Reverse Mortgages - What You Need To Know

September 8, 2008

A reverse mortgage is a loan available to senior homeowners (age 62 and older) that is used to convert a home’s value into cash, which is often payable either as a lump sum or in installments. On the surface, this is often an attractive proposition. It allows seniors some extra income on top of social security and retirement benefits. However, there are some things that an eligible homeowner should consider before taking out a reverse mortgage.

As the Baby Boom Generation reaches the age of eligibility, the demand for reverse mortgages has steadily increased. Between 2005 and 2006, the market saw a 56% increase in requests for the loans. In response to this increase, the Senate Committee on Aging raised the limit of reverse mortgages it would allow to be granted at any particular time. This increased demand has also given rise to aggressive marketing by mortgage companies to specifically target senior homeowners.

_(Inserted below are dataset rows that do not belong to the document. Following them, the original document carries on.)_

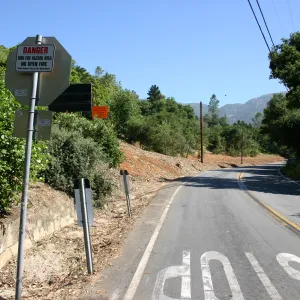 Mission Canyon Road after removal of Eucalyptus trees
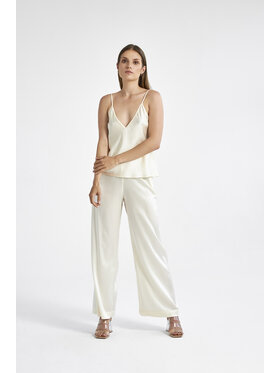 Because-M Because-M Top Satynowy Jedwabny Écru Regular Fit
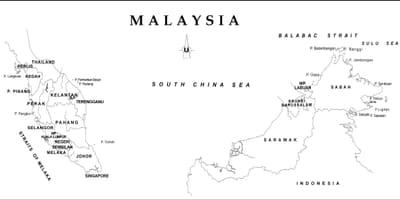 地图的轮廓图马来西亚的国界线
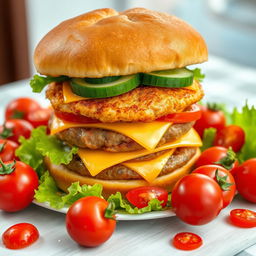 A highly detailed image of a large double burger with cheese, cucumber, and tomato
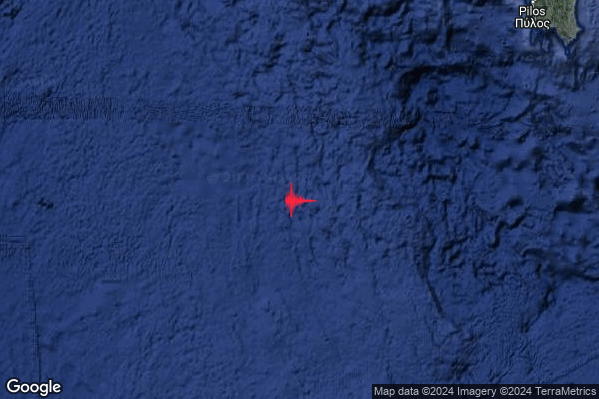 Intenso Terremoto M4.7 epicentro Mar Ionio Meridionale (MARE) alle 14:41:49 (13:41:49 UTC)
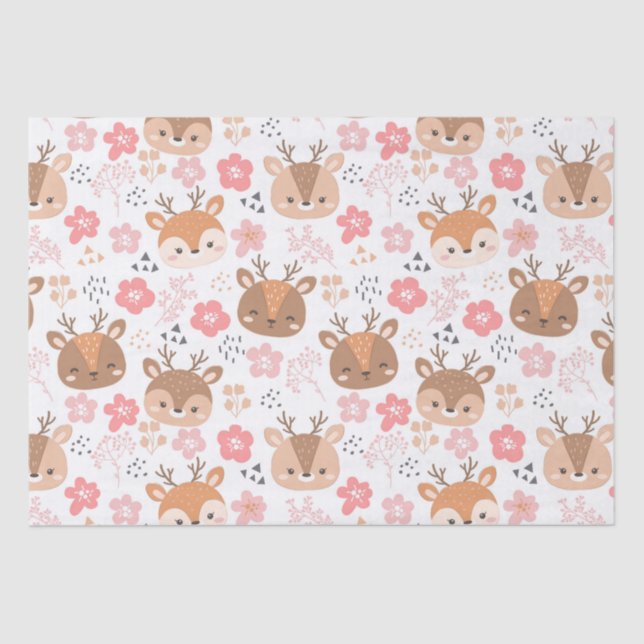 Papel De Seda Reindeer Floral Bonito (Frente )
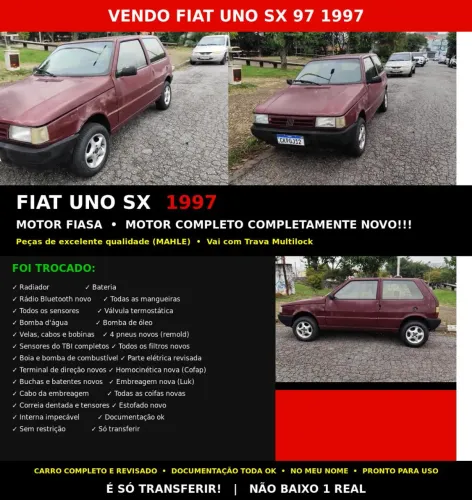 Fiat Uno Mille SX 2P E 4P 1997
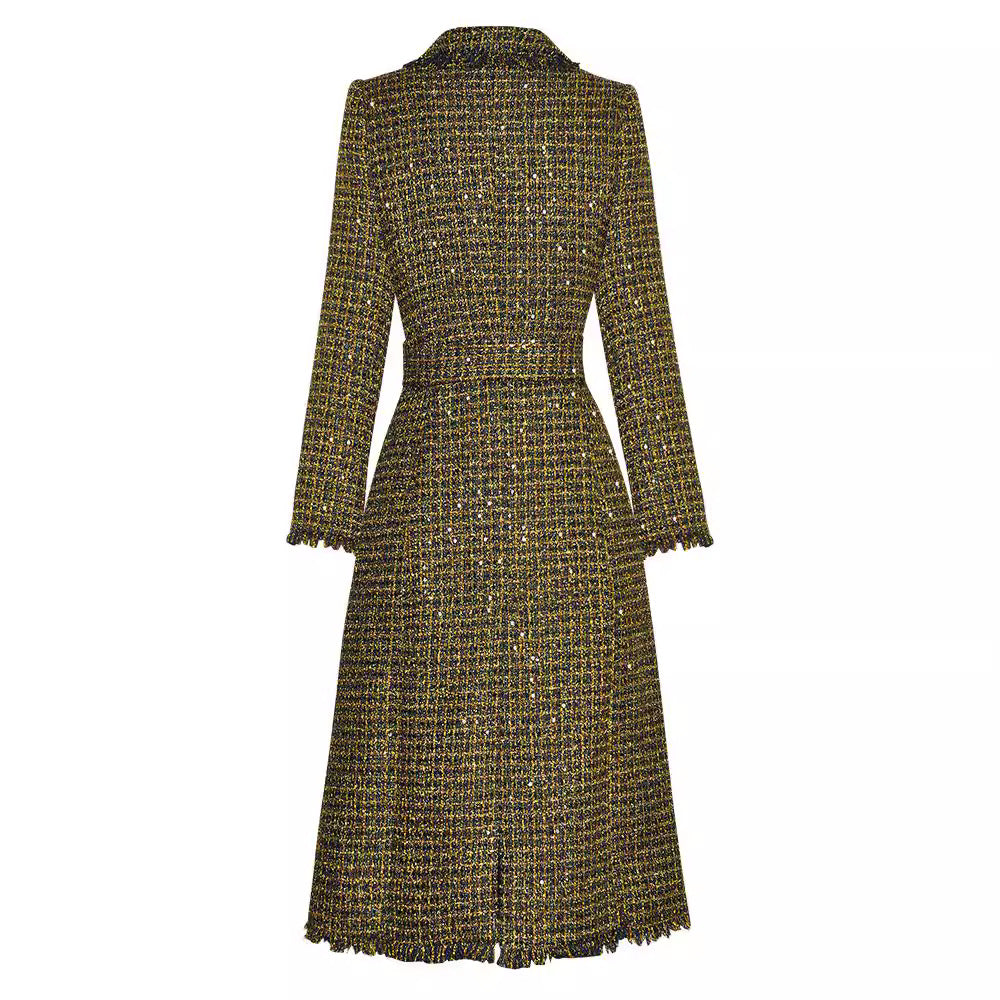 Golden Plaid Trench Coat, Upper East Side | Women - BYMANYC ® New York - BYMANYC ® New York  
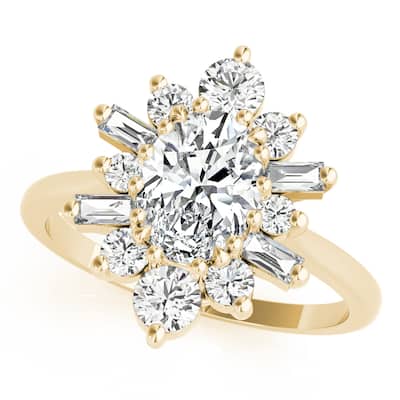 Auriya 14k Yellow Gold Lab Grown Oval Diamond Halo Engagement Ring 0.50 to 5.00 ct. tw. (F-G VS)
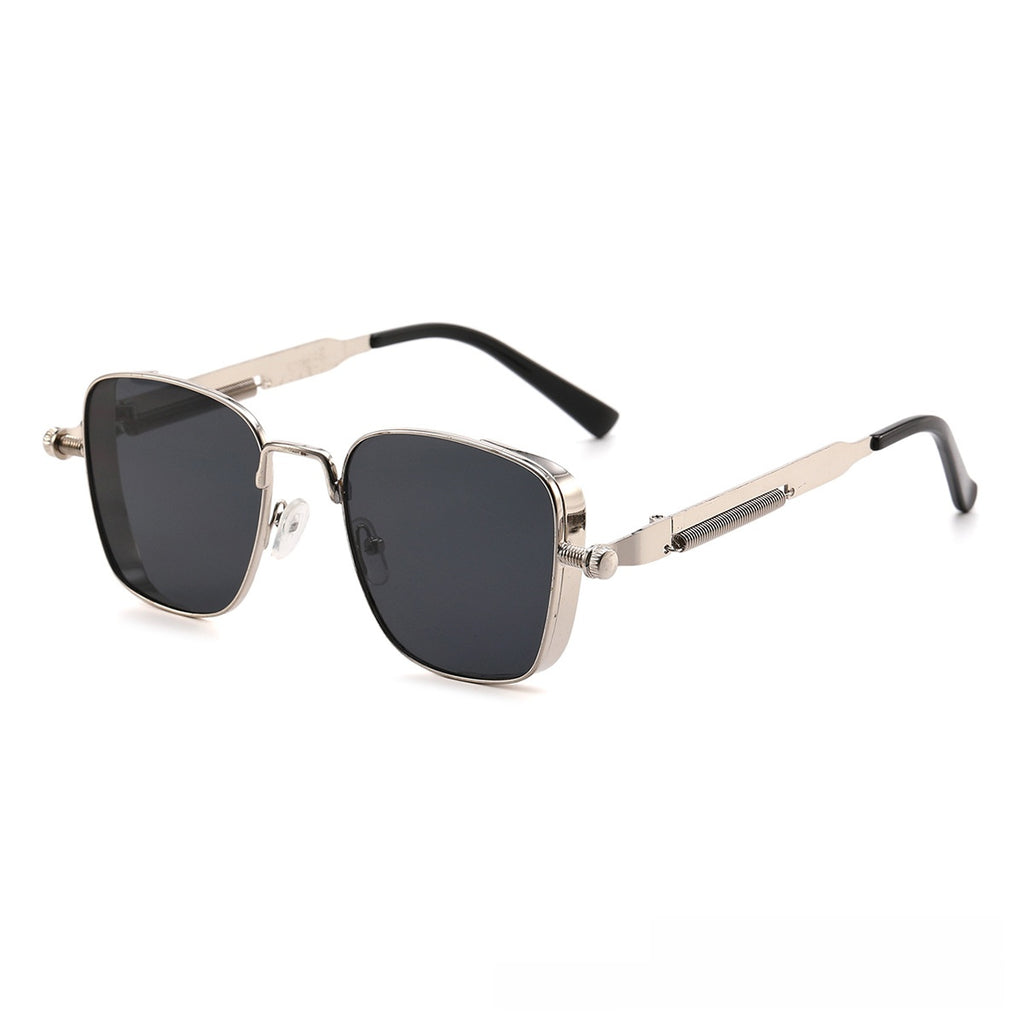 Retro Steampunk Metal Sunglasses Square Frame UV Protection
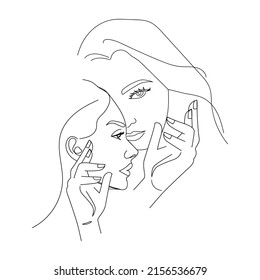 Two woman faces line art vector. Two strong women supporting each other.The concept of friendship, care and love. Vector flat illustration.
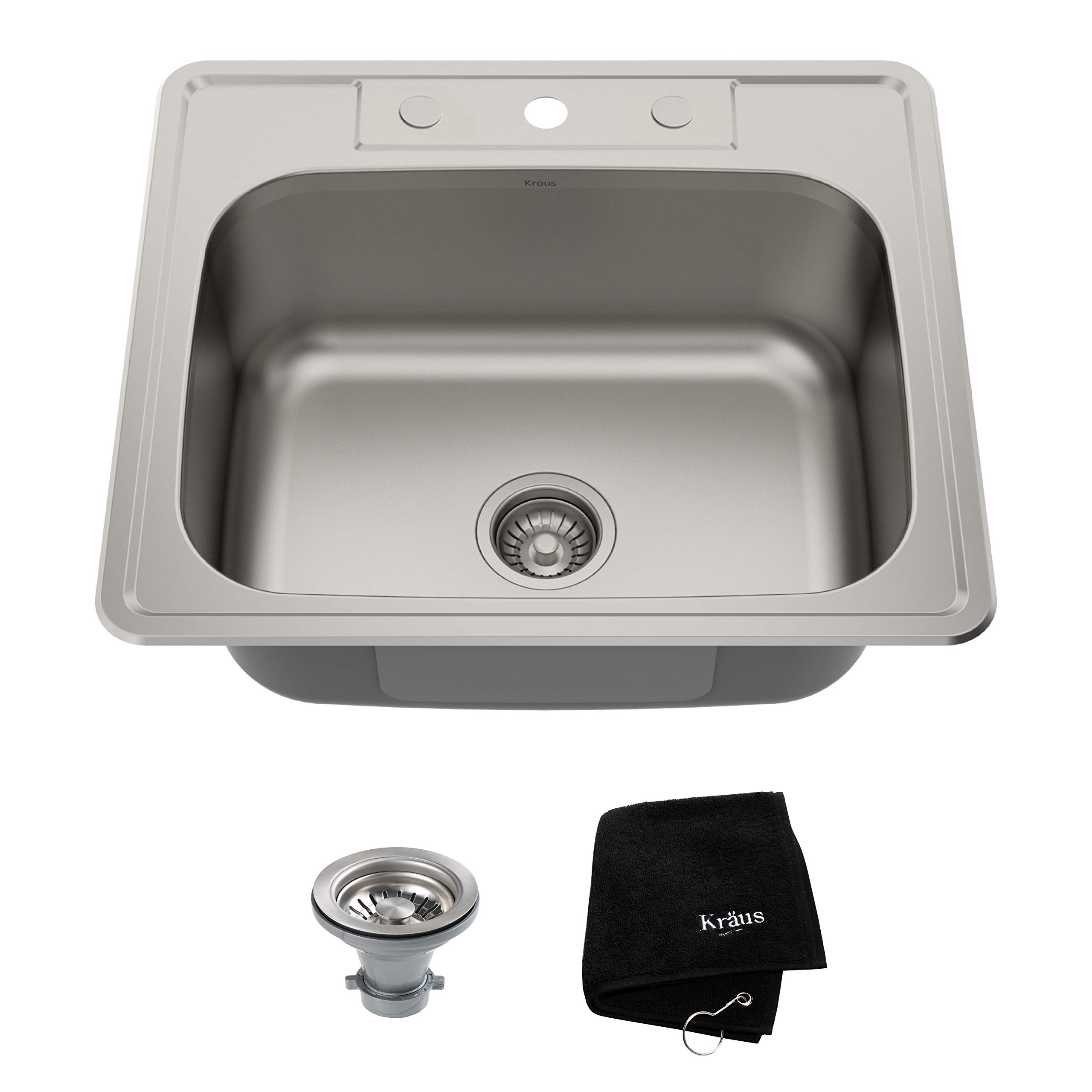 Kraus KTM25 25-Inch Topmount Single Bowl 18-Gauge Stainless Steel Kitchen Sink - Perfect for Modern Kitchens, Easy to Clean & Durable for Daily Cooking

The lure of quick and easy money has turned into a trap for more than one homeowner. According to the Federal Trade Commission, “reverse mortgages tend to be more costly than other home loans” due to high upfront costs and the use of equity, which means there is less left to leave behind to a person’s heirs. Consumers also need to be aware of the interest rates attached to reverse mortgages. Just like a standard mortgage, they can be fixed or adjustable-rate loans. Since the mortgage is not paid on a current basis, interest is added to the principal balance on a monthly basis.

As with anything else, there are other issues to be on the lookout for. According to the AARP, some mortgage companies offer borrowers financial products that may not produce a fair return for the value of the home. The AARP also advises homeowners to be wary if someone tries to sell them a service that will be paid for by the reverse mortgage, citing that as “a good sign that you don’t need it and shouldn’t be buying it.”

A reverse mortgage may often be appealing on the surface, but a consumer must tread carefully. Before taking one out, homeowners need to do some homework to see if they really need it, if they can afford it, and if there are any less costly options available. While the initial influx of money can seem wonderful, several have found their reverse mortgage created more problems than it solved.